The lines to copy are those with "Nylon" in them. Pull each one from the entries below.

-- Opening Marker --

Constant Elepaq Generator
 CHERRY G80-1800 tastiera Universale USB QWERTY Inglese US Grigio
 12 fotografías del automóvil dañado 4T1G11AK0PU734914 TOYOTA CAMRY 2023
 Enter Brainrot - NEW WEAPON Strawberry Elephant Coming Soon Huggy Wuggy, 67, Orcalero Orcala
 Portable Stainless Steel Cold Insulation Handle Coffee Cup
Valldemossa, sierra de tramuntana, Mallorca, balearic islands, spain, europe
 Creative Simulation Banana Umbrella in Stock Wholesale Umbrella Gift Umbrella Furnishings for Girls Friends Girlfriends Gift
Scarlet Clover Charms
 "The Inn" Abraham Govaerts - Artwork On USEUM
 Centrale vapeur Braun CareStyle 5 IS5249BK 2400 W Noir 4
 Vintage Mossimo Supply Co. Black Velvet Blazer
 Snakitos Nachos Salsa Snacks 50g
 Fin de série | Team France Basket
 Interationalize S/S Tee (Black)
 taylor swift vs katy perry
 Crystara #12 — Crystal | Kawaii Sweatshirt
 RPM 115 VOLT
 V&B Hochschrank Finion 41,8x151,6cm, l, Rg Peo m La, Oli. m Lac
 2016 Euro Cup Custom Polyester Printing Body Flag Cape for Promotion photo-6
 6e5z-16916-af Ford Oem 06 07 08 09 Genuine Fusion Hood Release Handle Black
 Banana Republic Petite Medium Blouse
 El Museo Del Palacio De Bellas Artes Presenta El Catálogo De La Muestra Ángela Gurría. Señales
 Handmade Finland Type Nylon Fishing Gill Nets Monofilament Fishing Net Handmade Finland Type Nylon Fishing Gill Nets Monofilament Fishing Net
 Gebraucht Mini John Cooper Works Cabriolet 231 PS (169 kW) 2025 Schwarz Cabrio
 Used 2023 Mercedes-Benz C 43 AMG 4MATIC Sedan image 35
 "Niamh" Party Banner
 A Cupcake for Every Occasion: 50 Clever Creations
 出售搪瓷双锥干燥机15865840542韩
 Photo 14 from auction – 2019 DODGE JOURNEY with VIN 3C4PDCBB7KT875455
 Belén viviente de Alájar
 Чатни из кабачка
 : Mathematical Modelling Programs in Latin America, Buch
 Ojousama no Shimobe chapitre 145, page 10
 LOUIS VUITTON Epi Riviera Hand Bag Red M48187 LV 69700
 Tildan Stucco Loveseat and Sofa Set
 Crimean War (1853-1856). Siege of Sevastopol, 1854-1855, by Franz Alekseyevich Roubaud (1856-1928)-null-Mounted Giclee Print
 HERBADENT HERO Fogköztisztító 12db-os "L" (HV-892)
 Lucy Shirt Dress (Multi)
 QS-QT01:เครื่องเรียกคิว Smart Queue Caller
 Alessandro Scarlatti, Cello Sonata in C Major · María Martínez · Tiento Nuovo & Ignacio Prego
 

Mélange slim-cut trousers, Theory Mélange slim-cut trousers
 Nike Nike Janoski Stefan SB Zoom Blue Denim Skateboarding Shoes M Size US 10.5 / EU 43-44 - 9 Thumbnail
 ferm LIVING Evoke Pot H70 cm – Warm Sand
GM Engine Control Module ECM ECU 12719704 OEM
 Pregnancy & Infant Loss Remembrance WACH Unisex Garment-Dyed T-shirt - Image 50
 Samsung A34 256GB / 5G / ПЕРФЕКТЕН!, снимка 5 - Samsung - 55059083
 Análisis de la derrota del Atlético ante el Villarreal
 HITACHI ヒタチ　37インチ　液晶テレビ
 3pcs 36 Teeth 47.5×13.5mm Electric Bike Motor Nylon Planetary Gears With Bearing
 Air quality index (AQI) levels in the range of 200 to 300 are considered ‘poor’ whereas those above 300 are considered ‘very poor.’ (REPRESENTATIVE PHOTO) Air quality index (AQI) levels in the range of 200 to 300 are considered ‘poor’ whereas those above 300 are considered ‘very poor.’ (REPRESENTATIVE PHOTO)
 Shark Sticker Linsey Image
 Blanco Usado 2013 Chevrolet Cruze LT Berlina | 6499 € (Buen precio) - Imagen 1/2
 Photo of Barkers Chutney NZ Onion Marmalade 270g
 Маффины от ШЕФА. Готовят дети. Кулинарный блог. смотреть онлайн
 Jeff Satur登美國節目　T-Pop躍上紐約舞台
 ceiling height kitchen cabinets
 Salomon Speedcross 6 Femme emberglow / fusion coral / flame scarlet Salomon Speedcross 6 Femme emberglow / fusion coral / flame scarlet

-- Closing Marker --

- **Result**:
 Handmade Finland Type Nylon Fishing Gill Nets Monofilament Fishing Net Handmade Finland Type Nylon Fishing Gill Nets Monofilament Fishing Net
 3pcs 36 Teeth 47.5×13.5mm Electric Bike Motor Nylon Planetary Gears With Bearing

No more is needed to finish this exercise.